I was dead set on it being on Steadicam shot. I wanted to trigger that memory we all have of really needing to find a friend and really experiencing that shift in an environment. It shifts from something that feels really positive and optimistic to sinister and threatening. That’s a magical thing. Our original state transforms our environment. The girls finally get to Oz and based on what Amy has experienced and learned in the pool, and her shame.

Amy Finds Molly:

She’s devastated on behalf of Molly in regard to Nick. She finds this environment threatening. I stayed in that single shot and allowed it to become almost too much. The anxiety is allowed to grow and when she finds Molly, you realize they’re on completely different pages. I think once you see that Molly is in this bubbly, optimistic mood, you realize it will not end well.

To me, it’s interesting to stage an argument where everyone is right and no one is wrong. It’s not a battle between right and wrong. They’re on different pages and so often, that is what causes our greatest conflicts with the people we love the most. If we were just able to look back at the 10 minutes of someone’s life, we might be able to realize why they’re acting this way.

You can acknowledge that Amy doesn’t use the one tool that could decimate Molly. She could say throughout that entire argument that Nick is in the pool with Ryan. She doesn’t do it. What I found the most interesting was seeing Kaitlyn Dever not say those words.

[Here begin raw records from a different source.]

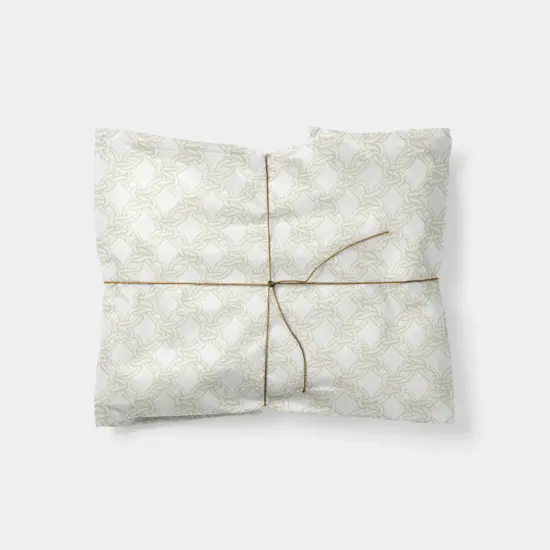 Macram&eacute; White Gift Wrapping Paper XIII {1}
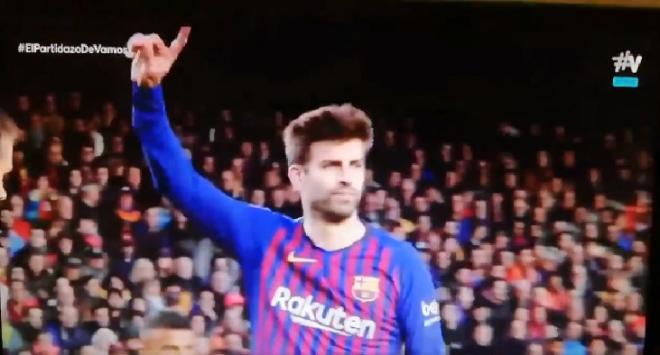 Gesto de Gerard Piqué a la afición durante el Clásico del Camp Nou.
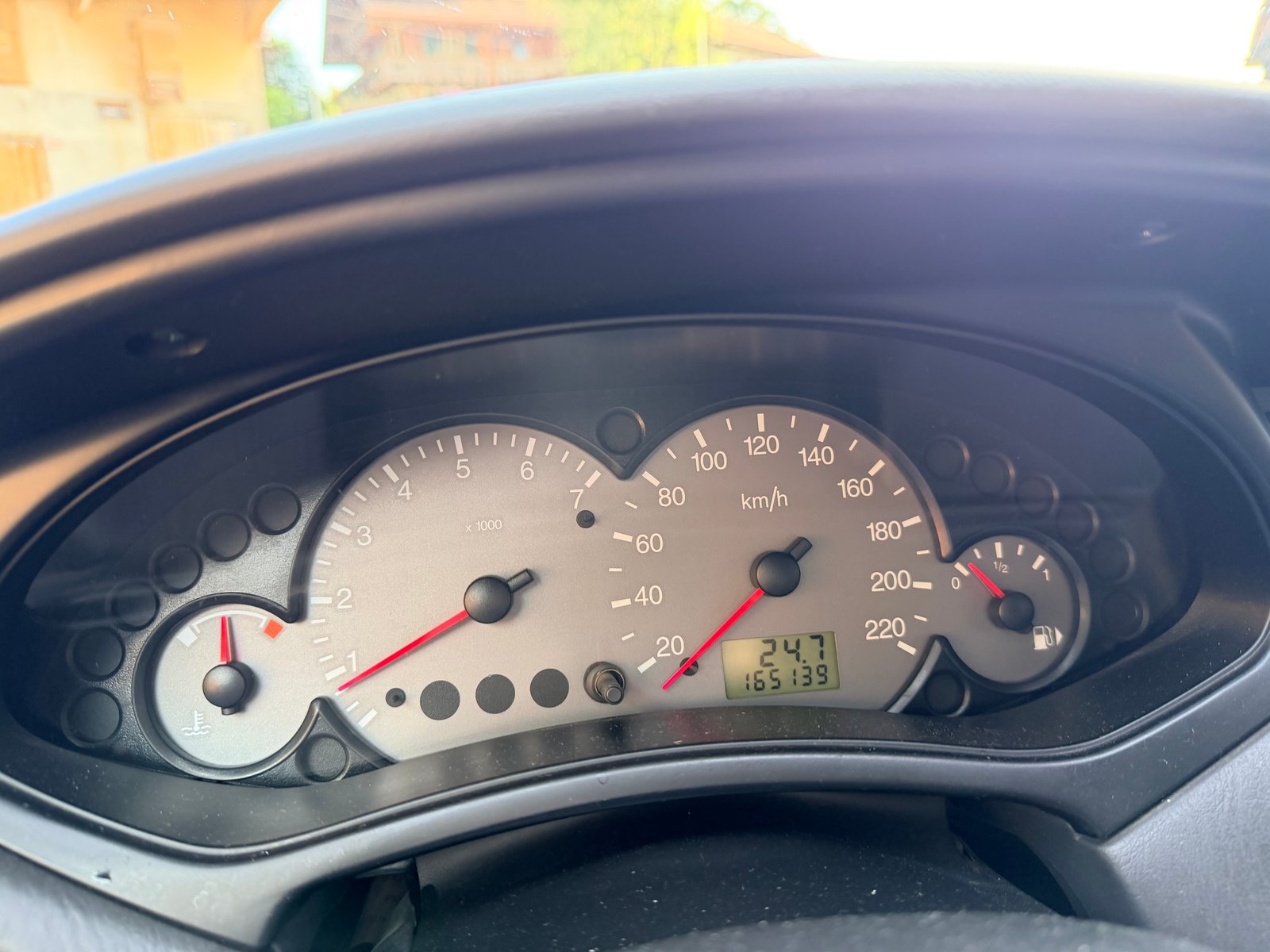 FORD Focus 2.0i 16V Carving, Benzin, Occasion / Gebraucht, Handschaltung - 5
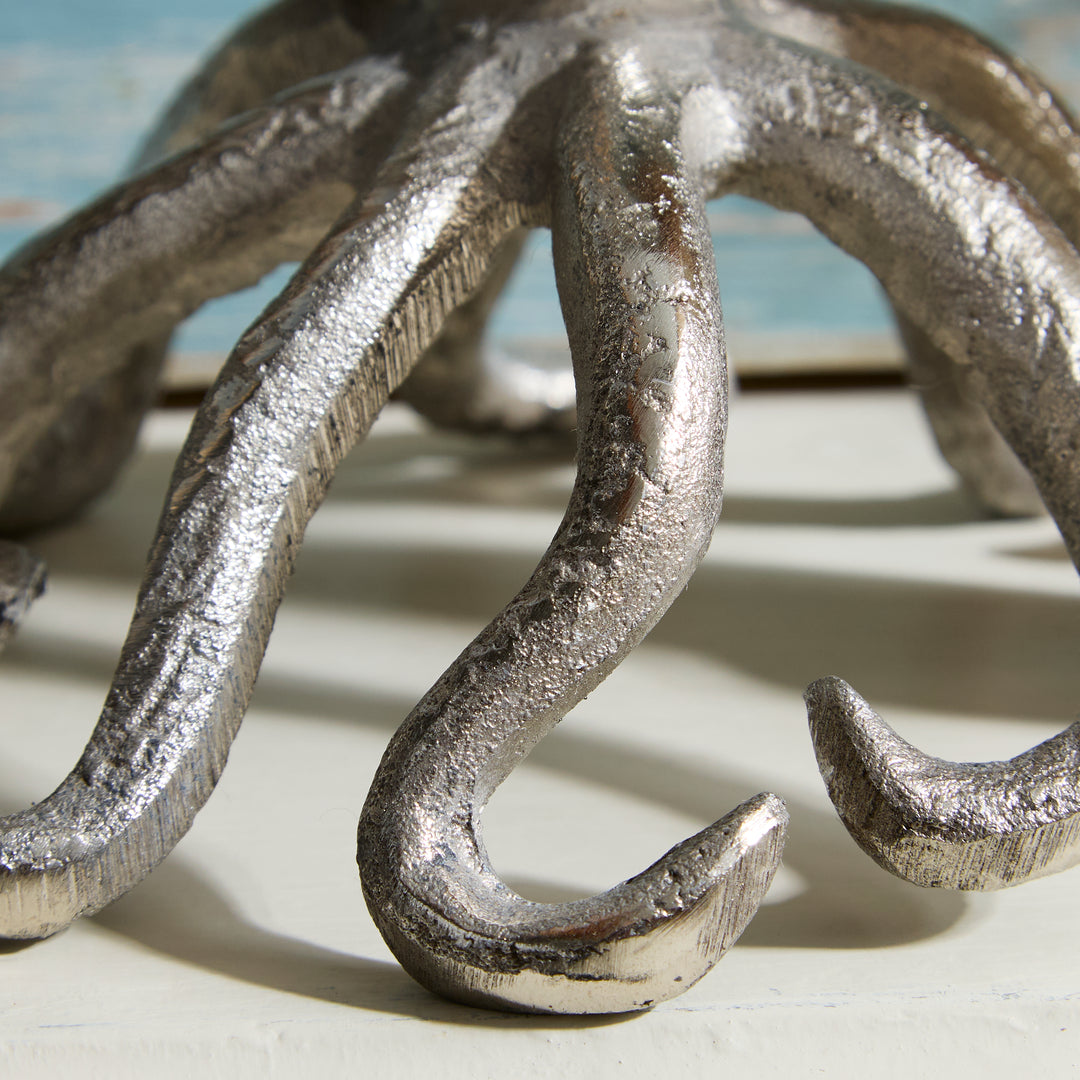 Powell D1339A20 Octiana Octopus Side Table in Tempered Glass & Silver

Restraint is the most fascinating thing to watch. It’s more interesting watching someone not cry than to cry. I think in this argument, watching Amy not say those words is really interesting to me. To see how Molly is getting panicked out of fear — it’s clear she fears abandonment. Slowly, you see that fear transferring into this rage.

Editing Choices:

It was a risk to stay in that shot and not intercut between them. I really wanted the audience to see the way these arguments happen. They lose the ability to see and hear each other. You’re seeing that in real-time. We’re not cutting it up for you, and we’re not presenting one side of the argument for you.

It was a real choice in editing. You are inherently presenting an argument when you edit. When you are shooting an actual argument scene, I think it’s interesting to say, “OK audience, you make the decision for yourself.”

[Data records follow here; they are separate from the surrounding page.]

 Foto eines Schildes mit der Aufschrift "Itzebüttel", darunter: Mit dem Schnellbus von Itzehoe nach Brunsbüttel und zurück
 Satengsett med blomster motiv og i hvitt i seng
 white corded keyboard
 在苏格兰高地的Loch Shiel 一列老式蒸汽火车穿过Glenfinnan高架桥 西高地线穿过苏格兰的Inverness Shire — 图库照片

It was the most important scene to me. It was the most difficult technically. The take you see in the film is the second take.

Stripping Dialogue for Music:

I didn’t know I was going to strip the sound until I was editing. I was watching it and I realized their performances were so good that at a certain point, you don’t need to hear what they’re saying because the argument itself has completely spiraled out of control.

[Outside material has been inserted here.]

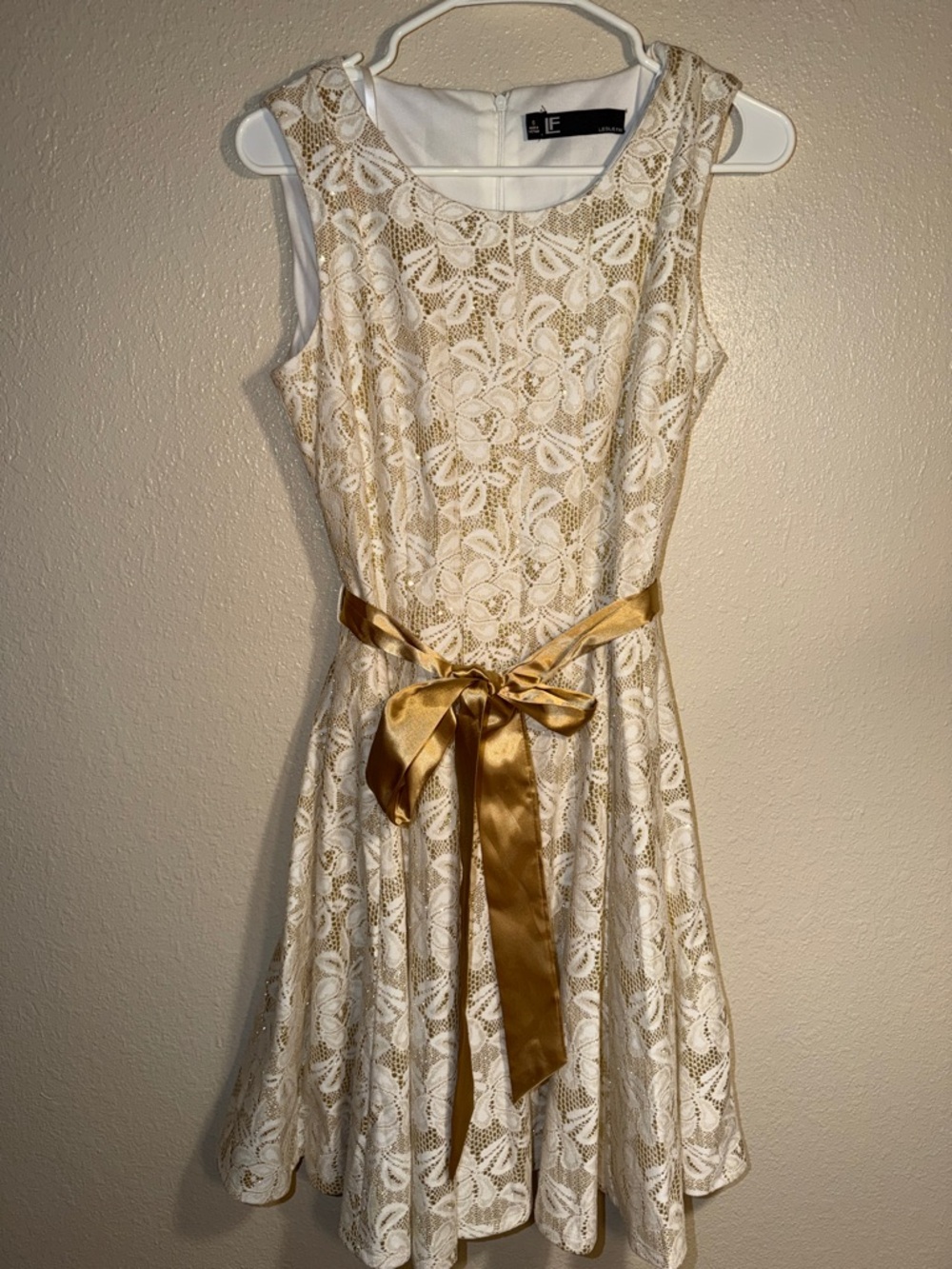 Vintage Leslie Fay Lace Dress with Gold Satin Belt, lined❤️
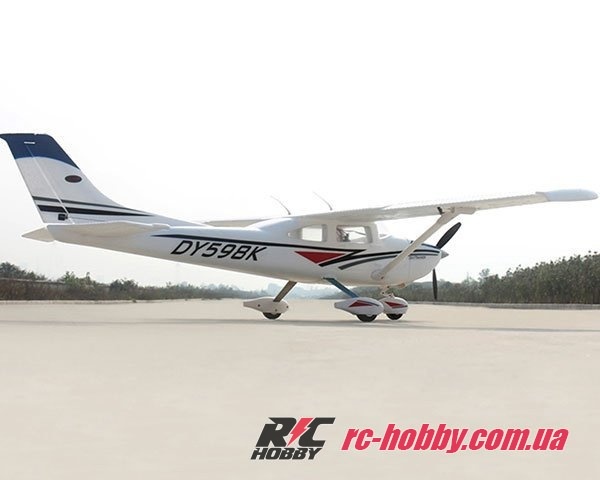 samolet-skaj-dynam-cessna-182-9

We’ve all experienced that. You’re spinning out of control and saying hurtful things. You’re treading water desperately trying not to drown. I thought if we cut the sound out, the audience can project their worst arguments onto this. I think it created more of an emotional impact to allow for people to not focus on the specificity of the argument and embrace that universal experience of deep sadness.

Using Social Media:

To make matters worse, they’re in a public space. Throughout the development of the film, I thought we have to acknowledge that young people live in a world full of social media. Their adolescent experience is defined by it. I didn’t want to timestamp the film with social media throughout it. “Eighth Grade” did it superbly. I didn’t want “Booksmart” to try to execute that same argument because Bo Burnham did it so well. I thought if we use it in a limited sense, only when it becomes the most useful or the most devastating.

So it’s the most useful when they’re experiencing fear of missing out and they’re trying to figure out where this party is. It’s devastating when the argument is being witnessed. I had the actors in the background turn the flash on their phones so we could bloom out the light to create that beautiful effect. It was another way to let the audience go on the journey with them in real-time. Some of those phones were filming. I was going to cut to what the phones were filming, but when I saw the footage we had, I just didn’t want to cut away at all.